The Sketch Is The Bridge?
No. The traditional sketch submission has opened conversations for the possible Bridge build. The Bridge appears when the intervention of one medium augments the other (proportions of integration vary).
Here’s how Web3 and Digital Technology support and secure this hand-drawn fashion illustration:
FOR DESIGN ARTISTS
Ownership and Permanence: Posting content on Web 2 platforms like Instagram or Medium always carries an iota of apprehension about the stability of the platform and subsequent loss of content. Platforms built on Decentralized or Web3 Storage Networks (IPFS, Arweave) ensure the illustration and its data are safely and permanently stored, even if the host websites should dissolve.

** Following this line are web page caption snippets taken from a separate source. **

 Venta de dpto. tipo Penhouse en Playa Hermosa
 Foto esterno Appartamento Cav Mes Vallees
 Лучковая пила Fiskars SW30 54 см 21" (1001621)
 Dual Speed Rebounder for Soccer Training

Authenticated, Transparent Sales Transaction: The illustration can be sold as an artwork or design concept on marketplaces built on a Blockchain such as Ethereum, Tezos, and Solana, and Decentralized Storage systems. While the illustration itself is permanently stored in the storage containers, product data and sales transaction details are immutably recorded on the Blockchain. The non-tamperable record specifies the creator, the buyer, seller, the re-seller and buyer, respective transaction dates, price of its every sell/resell, sale price distribution, and rarity of the sketch (a one of one, or x copies). All data is laid clean on the table, accessible to anyone. This record equates to a certificate of authenticity for the buyer.
FOR FASHION MANUFACTURERS
Design Software: Let us assume a potential client is excited about the design concept; the illustration needs to be fashioned into a physical bomber jacket customized to their specific size (or sizes for a ready-to-wear label). Design Software like Clo3d translates the two dimensional design into a 3D prototype, simulating the flow and folds of the silk, the fall of tie and dye patterns, and embroidery placements onto a custom-sized virtual model.

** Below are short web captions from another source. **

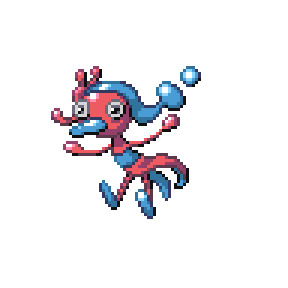 Poryetta Sprite Image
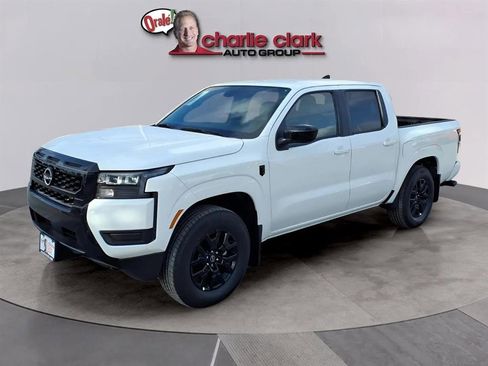 New 2026 Nissan Frontier SV w/ Tow Package image 1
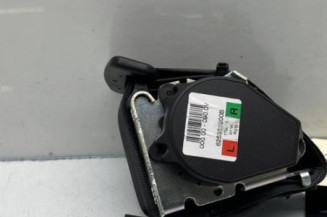 Ceinture arriere droit DACIA LOGAN 2
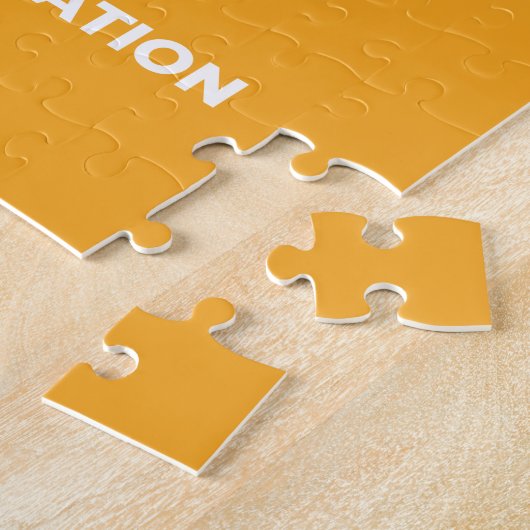 Puzzle Conception de Mug de vacances avec Cosy Cat et Paw (Côté)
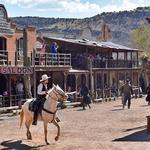 Paseo del Viejo Oeste
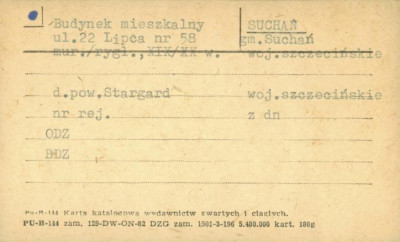 budynek mieszkalny, skan 1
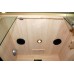 Infrasauna MARIMEX TRENDY 2001 M s karbonovými topidly 11105549D
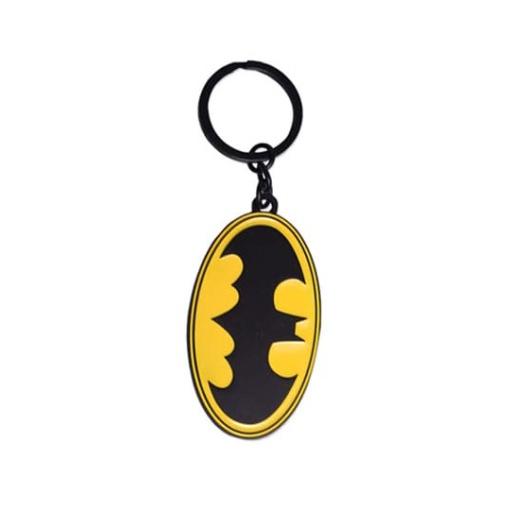 DC Comics Llavero metál Batman Logo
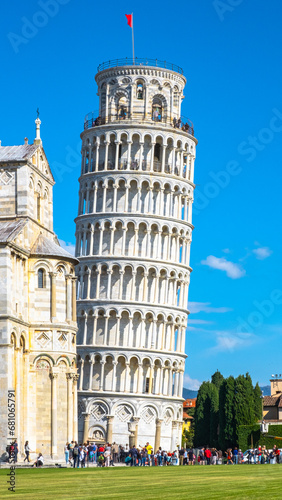Pisa - leaning tower city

This capacity and liberty to experiment with colors, fabrics, surface textures, and pattern drafting with zero physical waste cannot be expected of traditional sampling methods. Another upside - the client might appreciate the true-to-life virtual visual of the jacket before the design is physically manufactured.
UTILITY
Fashion for Avatars: As physical fashion, the illustrated jacket, as with all other fashion styles, has a finite rack-span. Shifting its utility to digitally wearable formats exposes the design to a visibly expanding consumer group that uses the digital space for work and play.
Metaverse (digital world) users participate in the space as avatars (digital representations) of themselves. Statistics for 2024 show more than 400 million active users worldwide. Although over 80% of digital citizens are under 18 gamers, businesses are embracing virtual work settings, dipping into a global talent pool and hugely saving on space expenses. The metaverse workplace is gaining considerable momentum with its projected market value expected to touch US$4.9 billion this year (Statista).
Augmented Reality: The Origami flowers draping the jacket neckline can be projected as Augmented Reality (AR) filters: virtual overlays on the physical garment using a scanner on a device like a smartphone. The enhanced physical X virtual experience of wearing the physical jacket increases utility value.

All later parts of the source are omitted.